The glorious culinary wonder that is the roast potato

Roast, steamed, mashed or boiled?

Can you imagine a Sunday roast without the potatoes?  You might even be one of those wonderful people who thinks there should be more than one type.  Whether you like to get in as much potato variety in as possible in one meal or prefer to focus on the perfection of a crispy, craggy roast potato with its meltingly soft middle; I think you’d agree that the roastie is a key item in an iconic roast dinner.

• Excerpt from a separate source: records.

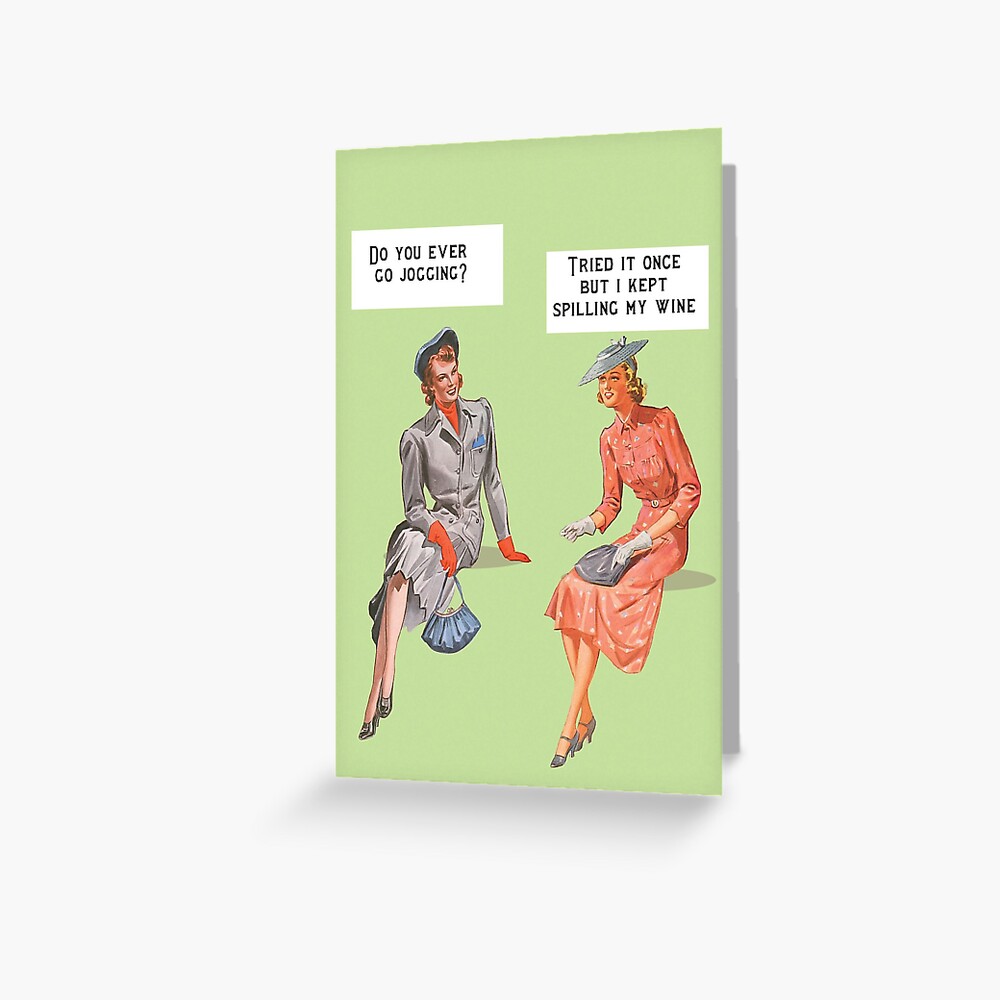 A Funny Retro Style Card Greeting Card For Sale By Alanpicton Redbubble 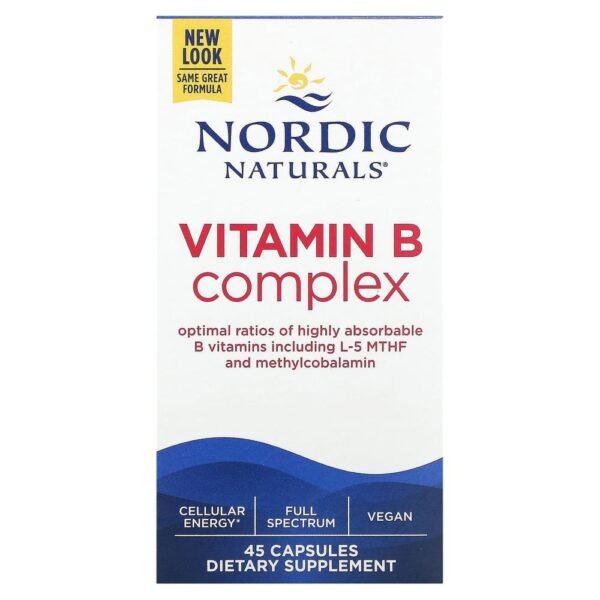 Nordic Naturals Vitamin B Complex 45 Capsules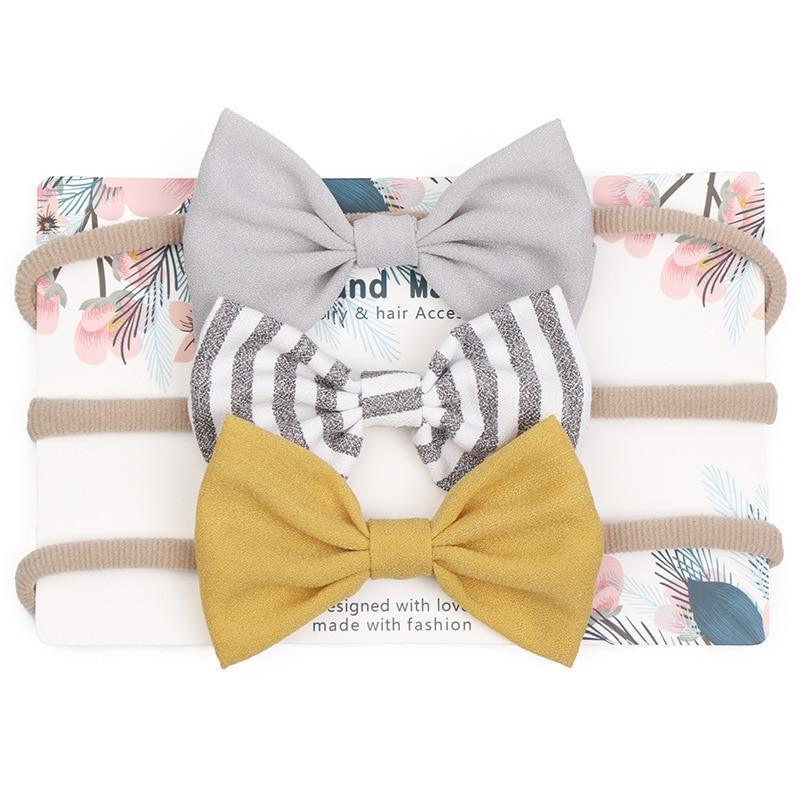 Bandeau Bébé Nœud Mignon pour Fille Bandeaux en Nylon Turban Bandeaux Nouveau-né Serre-têtes pour Enfants Accessoires Cheveux Bébé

There are even establishments where you don’t even need to bother with the meat, you can just have a big bowl of roast potatoes and some gravy to dip them in.

Consider the cauliflower

There are newcomers which I’m sure you’d be pleased to find space for on a roast dinner: maybe a rich, bubbling cauliflower cheese which reaches ambrosial heights when it meets the gravy or perhaps (dare I say it) some broccoli who’s green, slightly bitter flavours cut through the sometimes overwhelming richness of this meal.  However, you wouldn’t sacrifice the potatoes for either.

An interloper

This is really a long way to getting around to breaking some bad news.  I can barely bring myself to do it but brace yourselves: the roast potato is not even as old as a side dish of broccoli in culinary terms!

There are several reasons for this.  Firstly, in culinary terms roast doesn’t really mean what we think it means*.  The cooking technique we use now for our roast dinner is actually baking.  Roasting really means cooked in front of or over a fire which accidents aside, is not how we now cook that mouth-wateringly rare rib of beef or plump breasted, crisply burnished chicken.  Secondly, we weren’t that keen on potatoes when they first showed up, preferring to attempt to smoke them rather than eat them.  Thirdly most people just didn’t have ovens or certainly not as we know them. It wasn’t until the Victorian range that most ordinary people had access to an oven where the roasting (baking really) could take place.

No place in history

The closest mentions we can get from The Complete Housewife or Accomplished Gentlewoman’s Handbook in 1773 is a boiled potato that is left to brown on a gridiron next to the fire and then served with melted butter.  Obviously, butter makes everything better but it isn’t quite the roast potato we now lust after.  Potatoes weren’t even mentioned in the Accomplish’d Housewife of 1732 except in a pudding so at least progress was being made. The Art of Cookery Made Plain & Easy of 1751 also suggests cutting them in half after boiling and peeling them and then broiling them.  There’s not even a mention of them from Eliza Acton although she does suggest many other potato-based dishes.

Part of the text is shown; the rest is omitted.